This is ideal for couples who have completed the family and do not desire any more children. It is a very effective form of contraception. It is a one time permanent procedure. The procedure is relatively easy without major complications. It has to be done by a skilled doctor, under sterile conditions. This is done under local anesthesia that does not require the patient to stay fasting or need hospitalization.
Vasectomy is more cost effective as persons do not require regular contraceptive supplies or medical check ups.
Vasectomy can be reversed though return to fertility is not guaranteed. The reversal surgery is more complicated. Therefore the couple should think very carefully and consider the pros and cons of surgery before embarking on this.
Permanent contraception for a man is called vasectomy. A vasectomy blocks the vas deferens (sperm tubes) so that the sperm will not be able to make a woman pregnant. Sperm are made in a man ín testicles (balls). The sperm move up the sperm tubes to mix with the semen. Semen is the fluid that comes out when a man ejaculates (comes).
Vasectomy stops the sperm from mixing with the semen. After vasectomy, the man will still ejaculate semen but his semen will no longer have any sperm in it. Without sperm, his semen cannot make a woman pregnant. During a vasectomy, the doctor or trained person cuts and ties the tubes to block the path of the sperm. The testicles will still make sperm but the body will absorb them.
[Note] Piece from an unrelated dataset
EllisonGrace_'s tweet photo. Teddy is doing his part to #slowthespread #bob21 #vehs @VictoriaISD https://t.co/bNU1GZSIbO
No, it does not! It is not castration! Remember, it is only the sperm path that is blocked so that the sperm cannot reach the semen and cannot cause a pregnancy. Otherwise, nothing changes. A vasectomy does not harm the testicles. The testicles still produce the hormones that make men act and feel like men. These hormones pass through the blood, not through the sperm tubes, so the vasectomy does not affect the man’s sexual feelings and manhood.
Two techniques are used commonly for male sterilization. The vas is located, isolated and anchored with the fingers and a local anaesthetic infiltrated into the skin over the anchored segment.
Conventional technique: A 5mm small incision is made in the skin and the vas carefully brought out through this, clamped, and a segment is resected. The cut ends are then tied and left back in the scrotal sac. The skin incision is sutured with absorbable material. One midline or two incisions on either side of the scrotum could be made to approach the vas.
No-scalpel technique: The vas is reached through a puncture in the skin (no incisions). Each vas is ligated and then a substantial portion removed so as to prevent a recanalization. The puncture wound is tightly plastered and the patient is advised to keep it dry for 5 days and then remove the plaster.
After the procedure, plan to stay at home and rest for one or two days (You are entitled to 3 days of duty leave).
Do not do any heavy work or exercise for one week.
You may have some pain, swelling or slight bleeding for a few days. If there is pain take a mild pain killer like paracetamol.
Sexual intercourse can be resumed when the discomfort is over. But contraception is still required as sperms still remain in the semen and sperm tubes up to 20 ejaculations or three months after the operation. Condoms can be used every time, or your spouse can use other methods of family planning during this time. After 3 months there are no sperm in the semen A seminal fluid analysis should be done after 3 months of the surgery to check for sterility.
Wear clean scrotal support for 7 days after the operation.